Gideon waves Harrow away from her beaten, bruised basketball of a knee. “Ehhhhhh, you know how knees are. I’ve had worse. And anyway, how would you know how big a basketball is? Have you ever even seen one in real life?”
Harrow fixes her with a glare colder than the air in the empty, piss-smelling locker room. Gideon had offered to take them to a locker room with less of a urinal aroma, but Harrow had just tossed her head and said that all of them smelled like piss, and this one at least had Gideon’s gear already in it. Gideon’s gear, Gideon was informed, smelled worse than the locker room and weighed more than Harrow, and Harrow would under no circumstances be carrying it anywhere. “Don’t push your luck,” she warns Gideon. “I’m the one with the phone, and if I deem it necessary, I will call you an ambulance.”
Gideon gasps. “You wouldn’t.”
“I would, so shut your mouth and get on your feet. I’m driving you to Urgent Care.”
“Ouch. Not even the E.R. for poor wounded Gideon.”
Harrow pushes herself to her feet and brushes bits of locker room detritus off the knees of her pitch-black jeans. “Just a moment ago, you were saying it wasn’t that bad.” Gideon has no answer to this, and Harrow bulldozes on without waiting for her to think one up. She’s not sure she could, anyway, what with the throbbing in her knee that’s somehow both an ache and a sharp pain. Memories of Corona’s torn meniscus from last season make themselves known, and she says a silent prayer to somebody for the protection of her soft joint bits. “I’m going to tell Teacher you’re out of the game. Wrap your knee up and get ready to walk on it while I’m gone.”
“Yes, ma’am.” Gideon snaps off a sarcastic salute and Harrow flips her off on the way out the door.

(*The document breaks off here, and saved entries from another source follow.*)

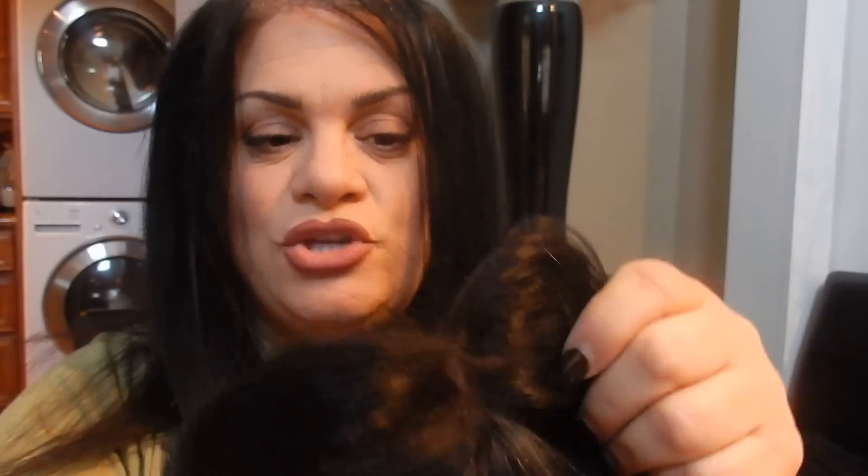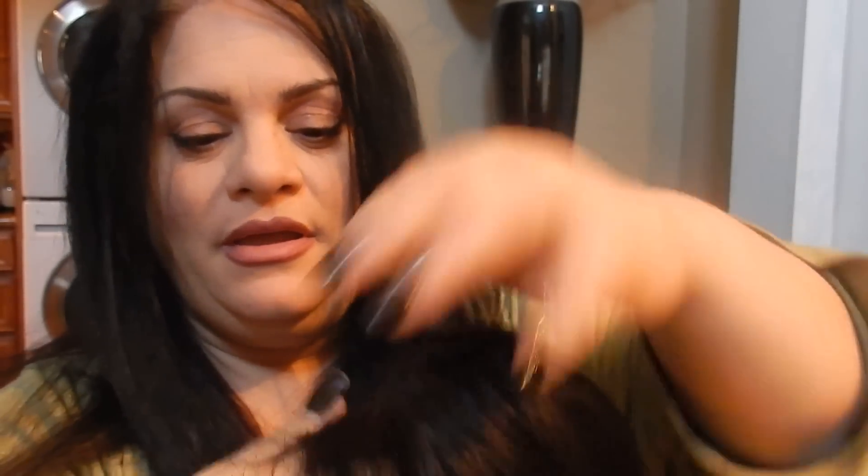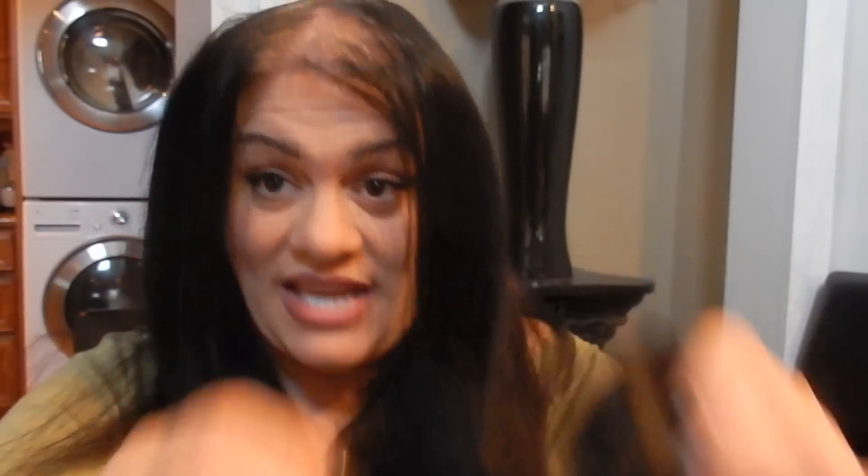Today I'm using the Uniwigs 5x5 human hair free part topper. I'll link all the videos down below in the description box where you can see how I usually wear this — I wear it right onto my scalp and you cannot tell that it's not my hair growing from my scalp. You can check those videos out after watching this one, but in this video I'm using it just for the crown part of my hair.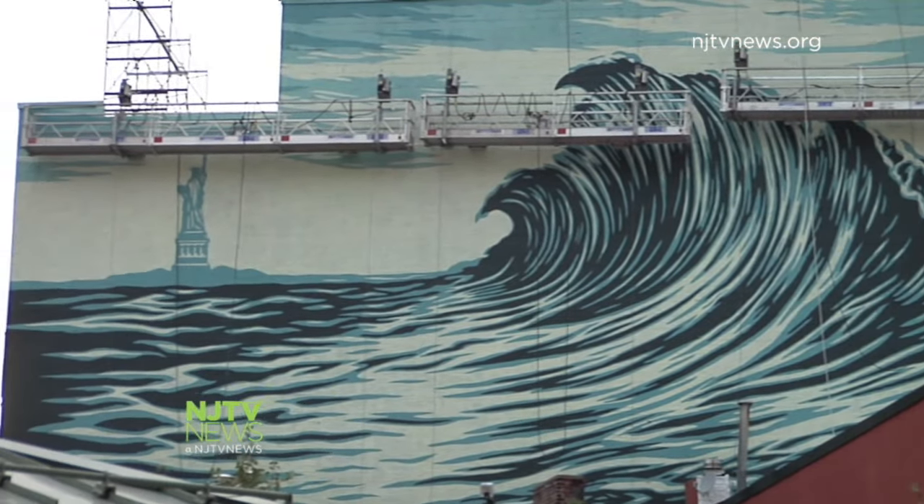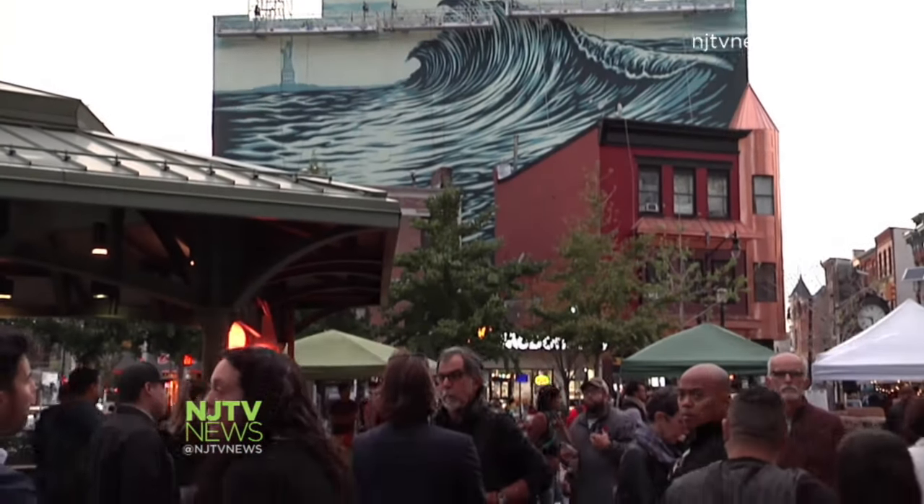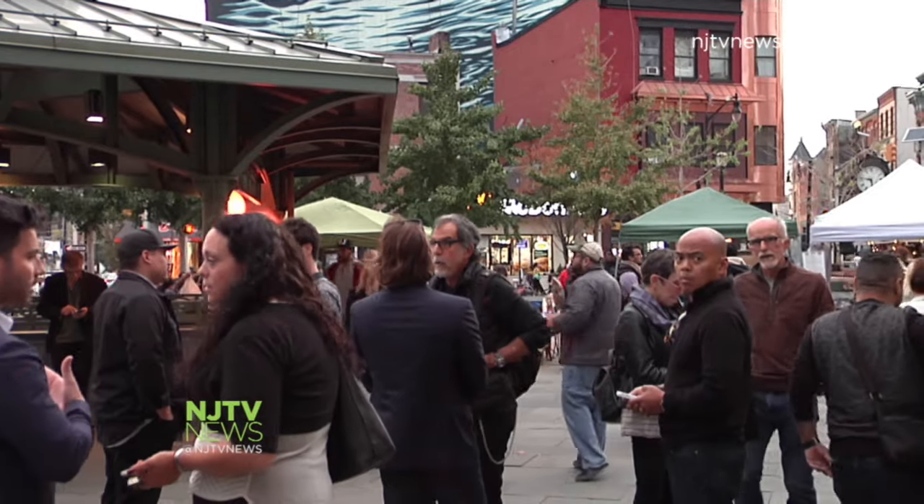The artist behind the Obama Hope poster draws a crowd as he shares his latest piece with the public: the Jersey City Wave. The nearly 100-foot by 50-foot mural stretches over Grove Street Path Station as a tribute to what Shepard Fairey calls the city's creative resurgence.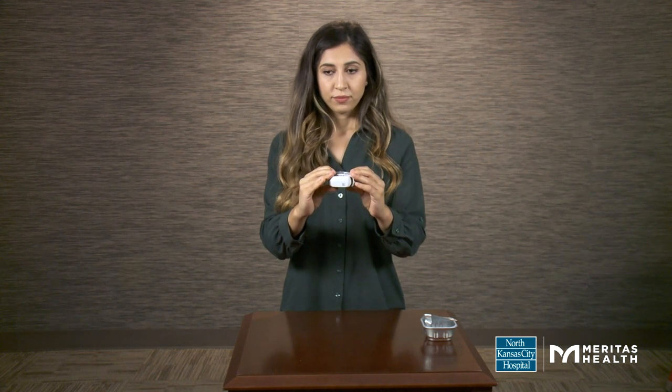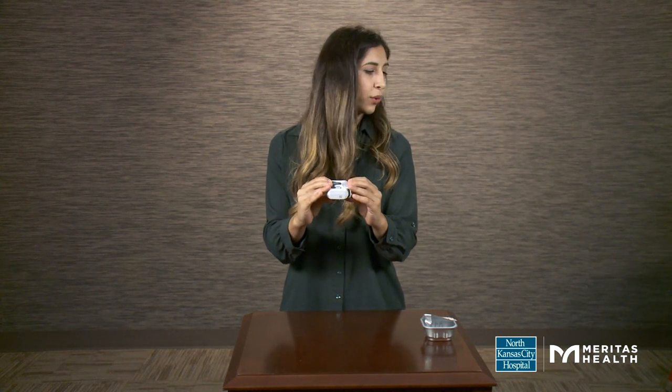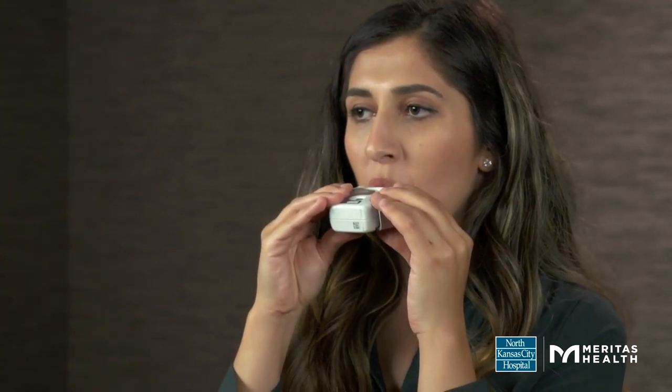Take a deep breath in and breathe out fully through your mouth, facing away from the inhaler. Put the mouthpiece in your mouth and tighten your lips around it. Inhale deeply through your mouth. Do not breathe through your nose.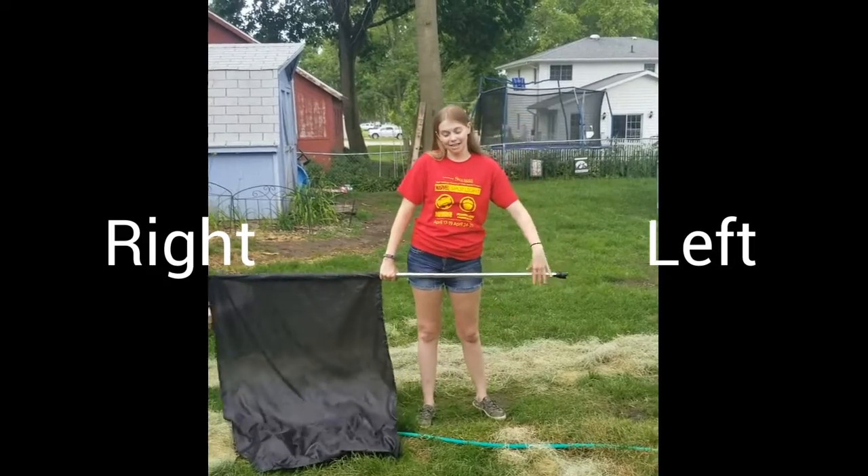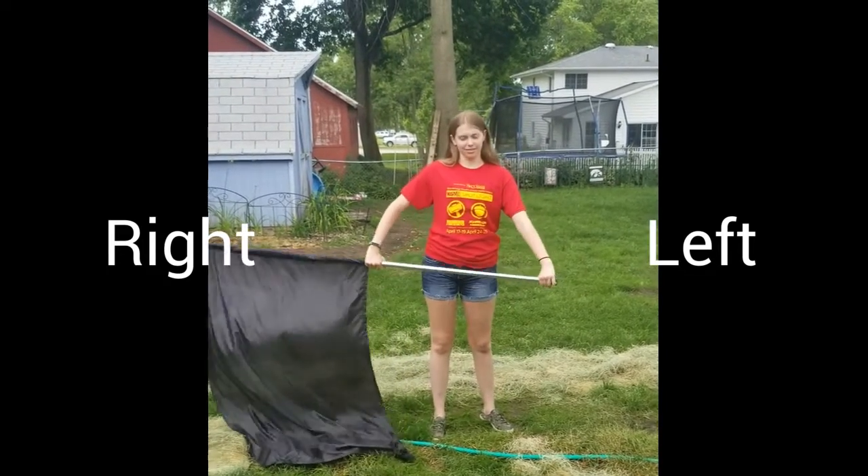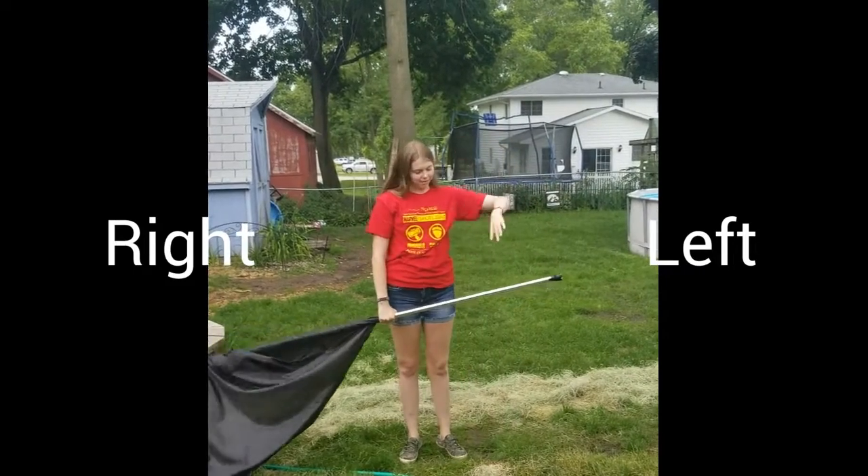Hi guys, today I'm going to be showing you guys how to do toaster turns for color guard. So first of all, a toaster turn looks like this. It's really just a spin when you raise the flag when you go behind you.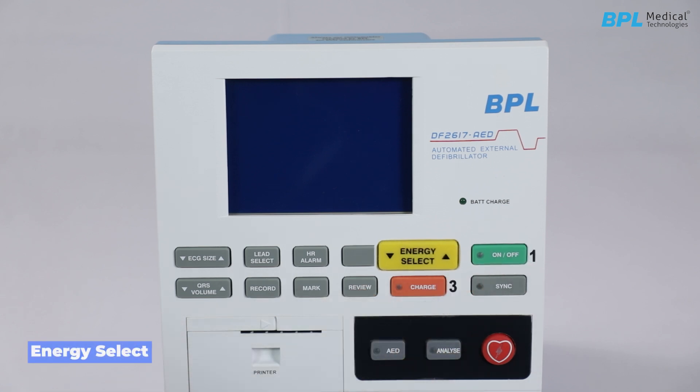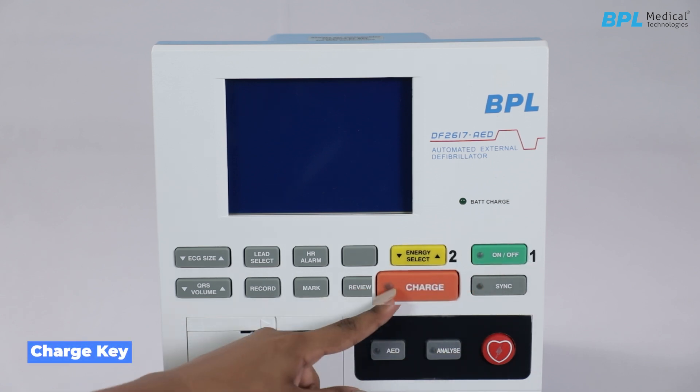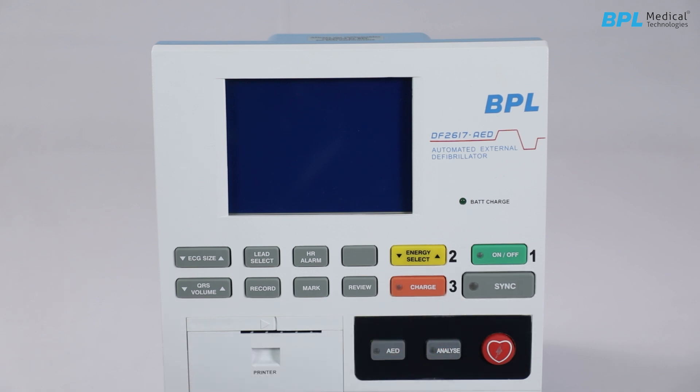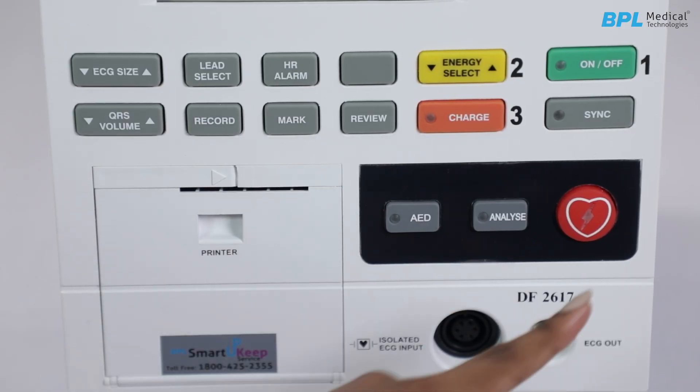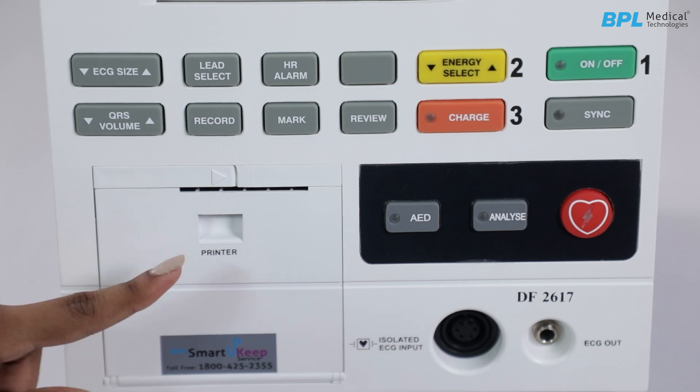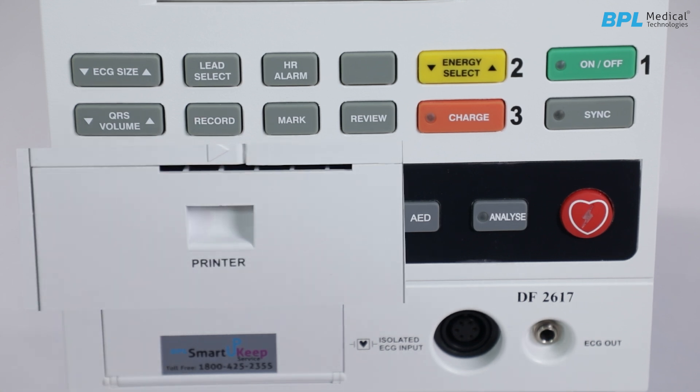The front panel controls include: ON/OFF key, energy select, charge key, sync key, HR alarm, lead select, ECG size, QRS volume, record, mark, review, AED key, analyze key, and shock key. There is also a printer on the left-hand side.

Alone with the odor of sweat, pee, and that unidentifiable hockey funk, the reality of Gideon’s situation begins to sink in. She’s just injured her knee so badly that it had bruised before she’d even gotten her gear off. She may be stupid, but she’s not an idiot, and she knows the angle her leg had twisted at when Cytherea took her to the wall can’t mean anything good. Sectionals begin in two weeks, and if Gideon’s seriously injured, her team’s going to enter the game down a player. Worse, Gideon would have to watch from the bench like some sort of dweeb.
And of course this would happen on the one weekend Harrowhark Nonagesimus deigned to attend a game. It’s not as though Gideon cares about impressing her, but it’s a bit humiliating to get hurt ten minutes into a game in front of one’s childhood nemesis. Gideon’s better than that. She could have shown Harrow exactly the kind of skill she was calling “pedestrian at best,” but all she’d shown today was her ability to be driven into the boards by someone half her size.
Okay, so maybe Gideon does care about impressing her, but only in the way one’s able to care more deeply about the thoughts and opinions of the person you loathe most in the world than perhaps anyone else.
The pain of attempting to wrap her knee drives any remaining thought from her head. Funnily enough, it’s her skin that hurts the most, smarting like a sunburn, and she thinks it might be because whatever’s going on inside hurts too much for her brain to keep track of. Somehow, she manages to grit her teeth long enough to wrap her knee in two layers of neon pink and white sport tape. By the time Harrow gets back, she’s not even crying anymore.